膠原病の種類によって治療方法は異なりますが、炎症と免疫を強力に抑えていくため、全般的には副腎皮質ホルモン、つまりステロイドを使用し、各症状の強さによって量を決定する事が多いです。通常は少し多めの薬剤量から始め、徐々に減薬していきます。膠原病の種類によっては劇的に効く例もありますが、患者さんごとに多岐にわたる症状があるため、治療経験豊富な専門医の指導が必要です。

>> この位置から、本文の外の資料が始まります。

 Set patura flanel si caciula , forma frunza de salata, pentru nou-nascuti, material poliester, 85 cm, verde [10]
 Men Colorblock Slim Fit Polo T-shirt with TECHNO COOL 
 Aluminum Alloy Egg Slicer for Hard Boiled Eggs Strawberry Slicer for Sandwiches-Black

その他にリウマチに対する抗リウマチ薬など、それぞれの膠原病の種類に対して特徴的な治療方法がありますが、最近では免疫抑制剤と呼ばれるシクロスポリン、エンドキサン、メトトレキサート、セルセプト、イミランなどの薬も使用するようになっています。絶大な効果を発揮するものもありますが、ステロイド治療ともども副作用には十分な注意が必要です。副作用がほとんどないという点からは漢方治療も注目されています。さらに今後リウマチを中心に移植や再生治療など進化した治療法が現在研究中です。

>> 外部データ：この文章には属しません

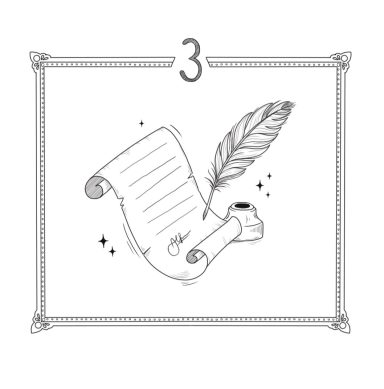 Bilderrahmen mit der Inschrift 3.
Eine fliegende Papierrolle wird von einer fliegenden Feder unterzeichnet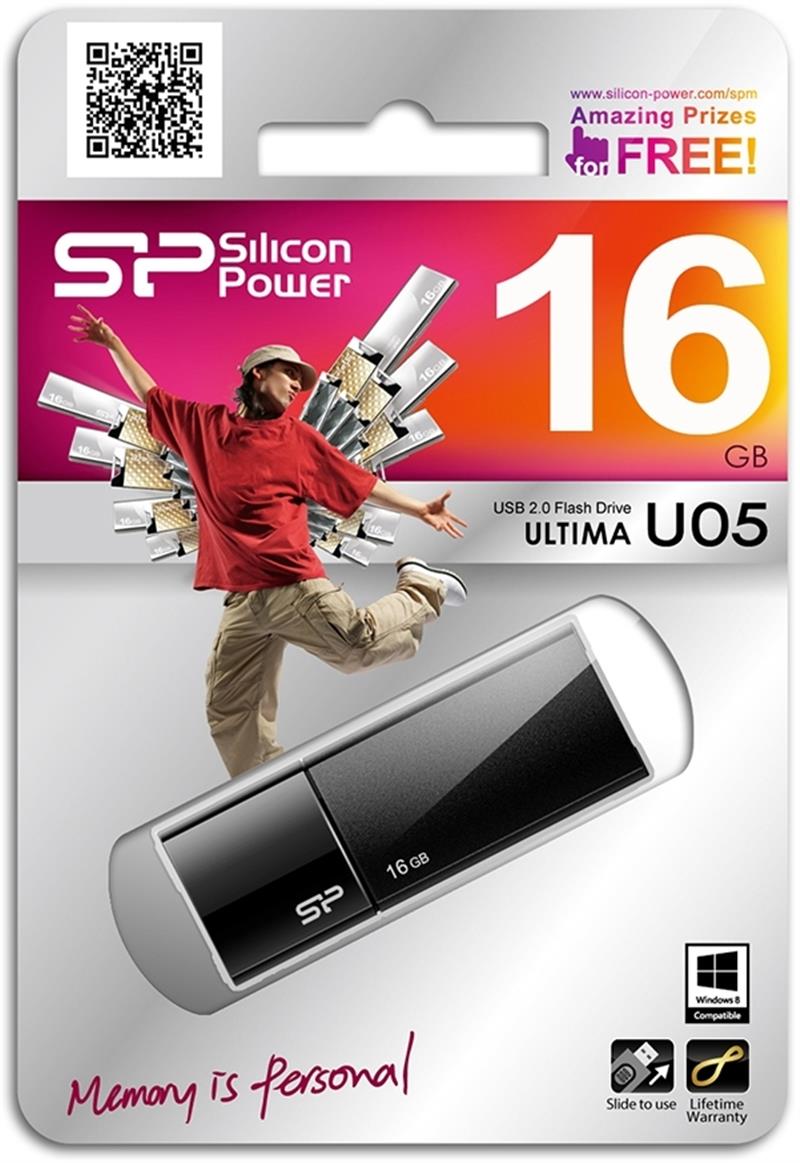 Silicon Power 16GB Ultima U05 USB 2.0 flashdrive Zwart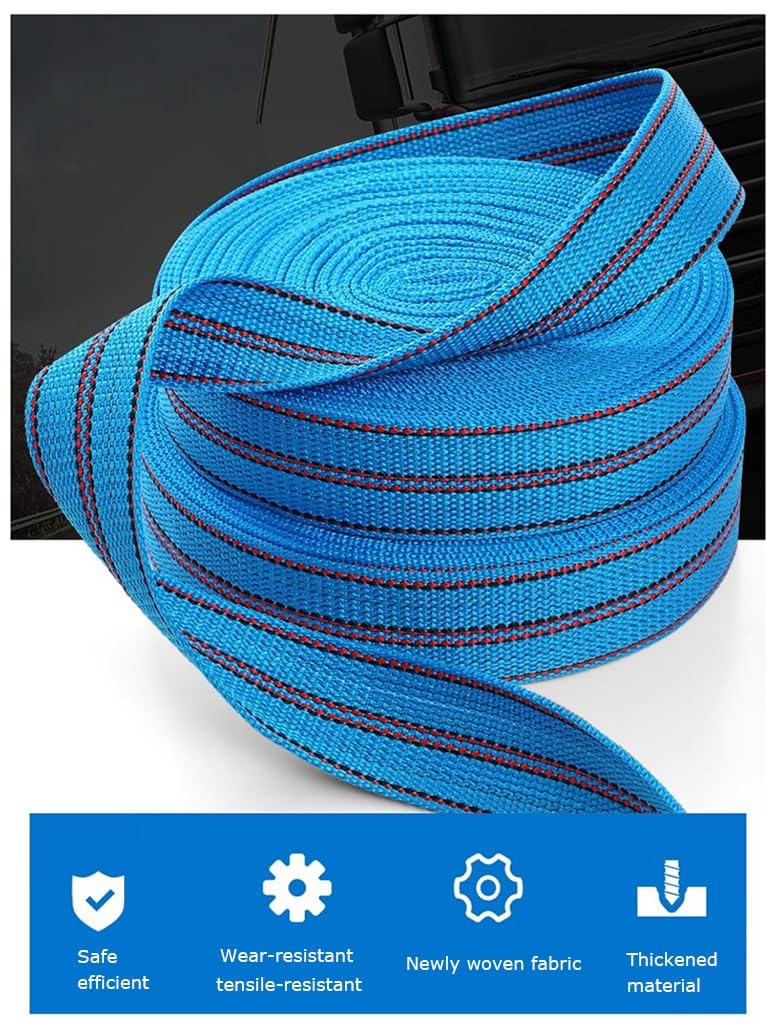 5m X 50 Mm Correa De Amarre con Trinquete Correa De Trinquete con Gancho De Poliéster Correas De Sujeción con Tensor De Trinquete para Remolque Motocicleta Coche(Blue A,5cmx4m/1.96x157in)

治療の目的は病気の勢いを抑え、色々な箇所に起こる障害を防ぐことです。また、症状に応じた対症療法なども行われています。
膠原病と自己免疫疾患との違い
膠原病は自己免疫疾患のうちの一種です。自己免疫疾患はヒトが持つ免疫のシステムが外部の敵ではなく自分自身の体を攻撃してしまう病気の総称で、特定の臓器を攻撃するものと、全身の様々な臓器を攻撃するものにわけられ、膠原病は全身を攻撃する全身性の自己免疫疾患に分類されます。
まとめ
膠原病は種類の多い病気であり、患者さんごとに症状や治療法はかなり異なります。今後は遺伝子や細胞レベルで一人ひとりに合わせた個別化医療が進んでいくでしょう。治療を進め寛解を目指すためには患者さんやご家族にも病気のことをよく理解していただくことが大切になります。若い女性に発症が多い全身性エリテマトーデスなどでは妊娠・出産などの問題にも直面しますが、治療を続けながらの出産も可能です。専門医と相談しながらうまく病気と付き合っていくことを考えていきましょう。